IMPATTO AMBIENTALE. L’altro nodo dibattuto è il timore del fronte no Tap per l’impatto ambientale del progetto.«Michele Emiliano sta facendo il Donald Trump d’Italia: come il presidente americano ha cancellato con un ordine esecutivo il Clean Power Plan di Obama (che favoriva la riduzione del carbone in America), così il presidente della Puglia, provando a bloccare il Tap, non fa altro che chiedere al paese di continuare a basarsi su petrolio e carbone. Lo continuiamo a ripetere, fin dal referendum sulle trivelle: il gas naturale rappresenta energia pulita, di gran lunga preferibile alle altre fonti di energia. È quindi Emiliano il vero anti ambientalista».
Inoltre, Emiliano si dimostra contraddittorio: come riportato dal Sole 24 Ore, sei mesi fa il presidente della Puglia ha partecipato all’inaugurazione dell’Acquedotto Pugliese, un tubo di diametro e lunghezza superiore a quella del Tap e che attraversa l’intero Salento. Non solo, Emiliano ha anche sostenuto la necessità di spostare l’approdo del Tap di 30 chilometri per non danneggiare l’alga Posidonia, presente sulle coste pugliesi, ma il punto da lui proposto, si è poi scoperto, ospita una quantità di questa pianta marina ancora superiore.

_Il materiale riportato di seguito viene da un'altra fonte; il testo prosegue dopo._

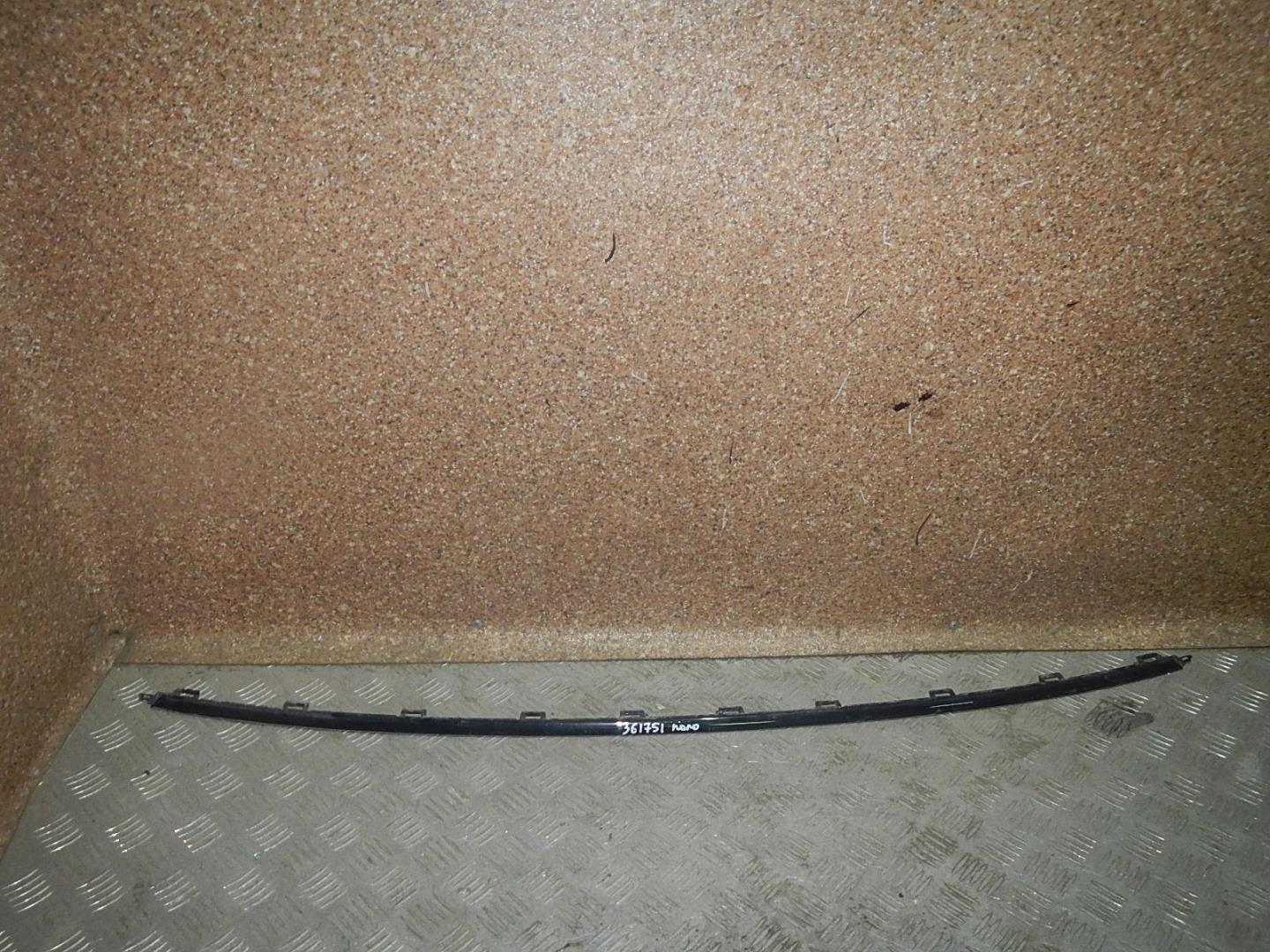 Молдинг заднего бампера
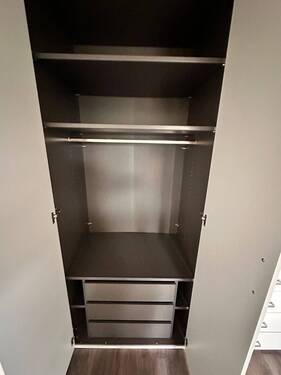 Schrank links innen - 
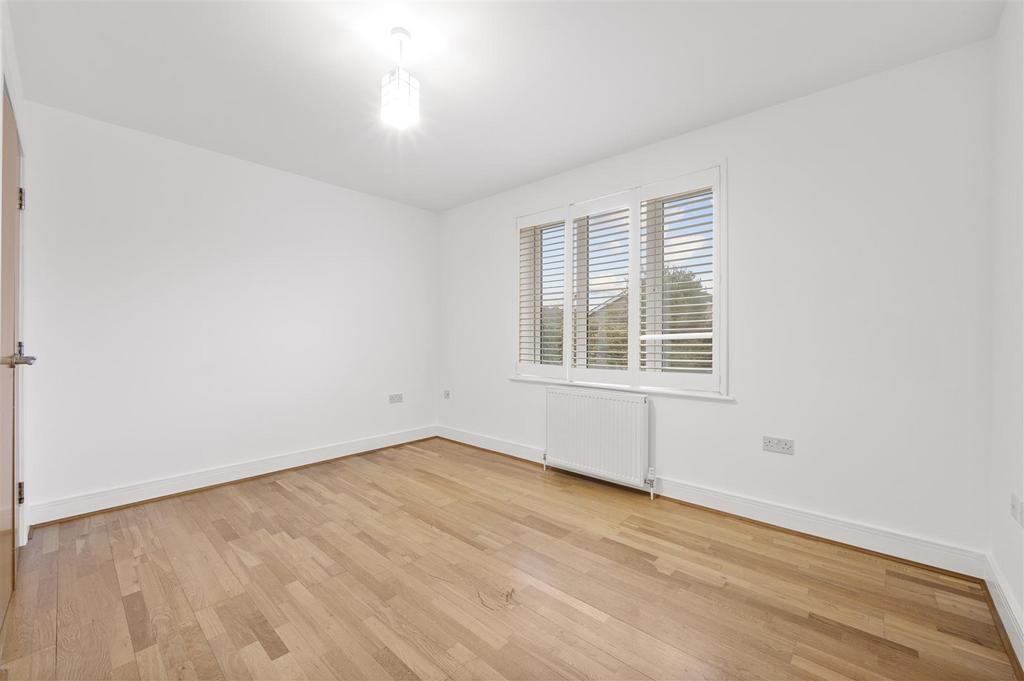 KINGSTON ROAD 122,5.jpg
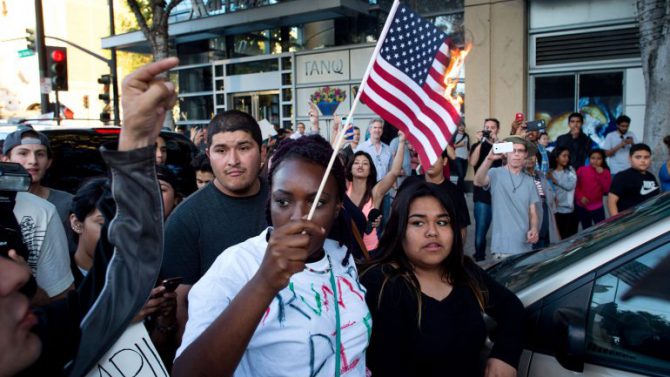 Los anti-Trum quemaron banderas de Estados Unidos.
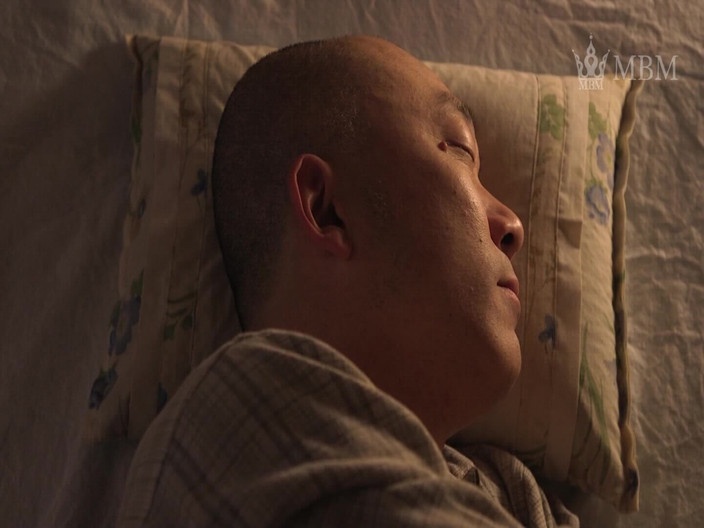 MBM3988: StepSon who has seen her parents' SEX. The taste of...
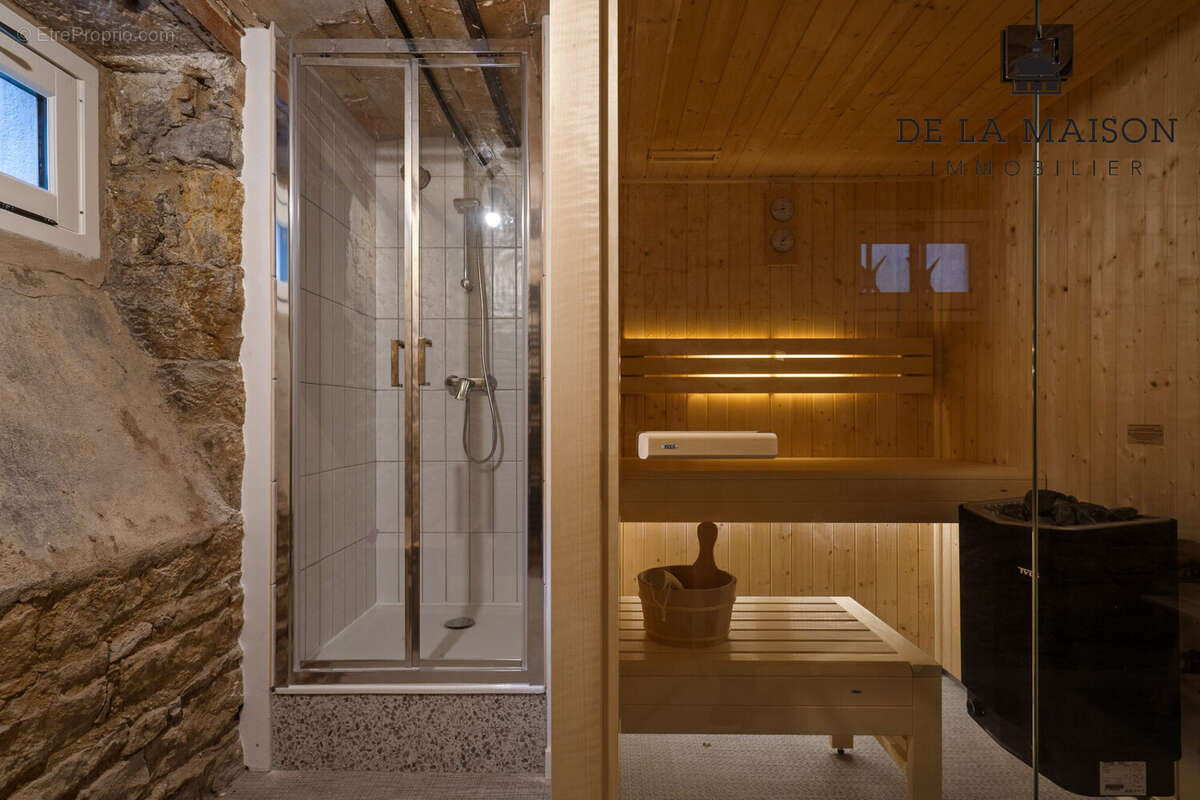 Maison à VILLEURBANNE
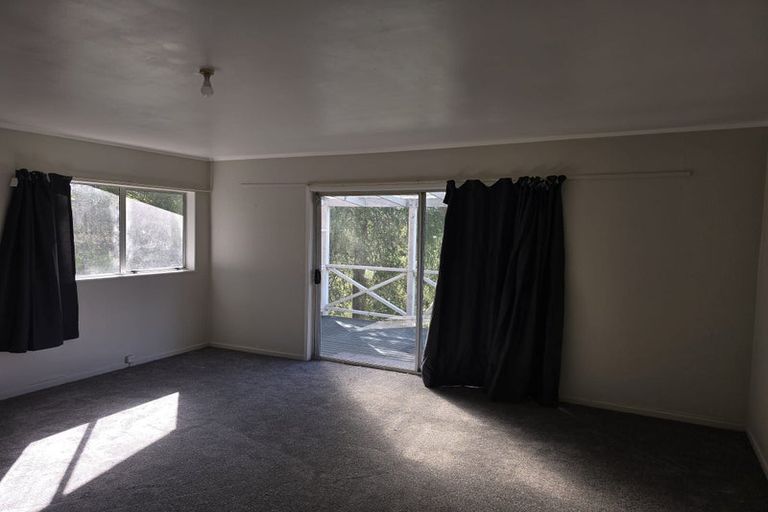 Photo of property in 4/52 Tudor Road, Henderson, Auckland, 0610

POTERI REGIONALI. I problemi di fondo, sostiene Falasca, sono di tipo culturale e istituzionale: «Siamo un paese che tende sistematicamente a dire no ad ogni cambiamento, anche a discapito dell’interesse nazionale. La responsabilità è soprattutto della classe politica locale, specie se si tratta di un candidato alla segreteria del proprio partito. Riguardo al tema istituzionale, ne avevamo già discusso in sede del referendum costituzionale: siamo inchiodati ad un sistema che assegna alle Regioni competenze eccessive per una dimensione così locale. Una Regione non dovrebbe avere il potere di veto su un progetto deciso dal governo per tutelare l’intero paese. L’energia è una materia geo-strategica perché su di essa si basa l’indipendenza, la sicurezza e la sovranità nazionale».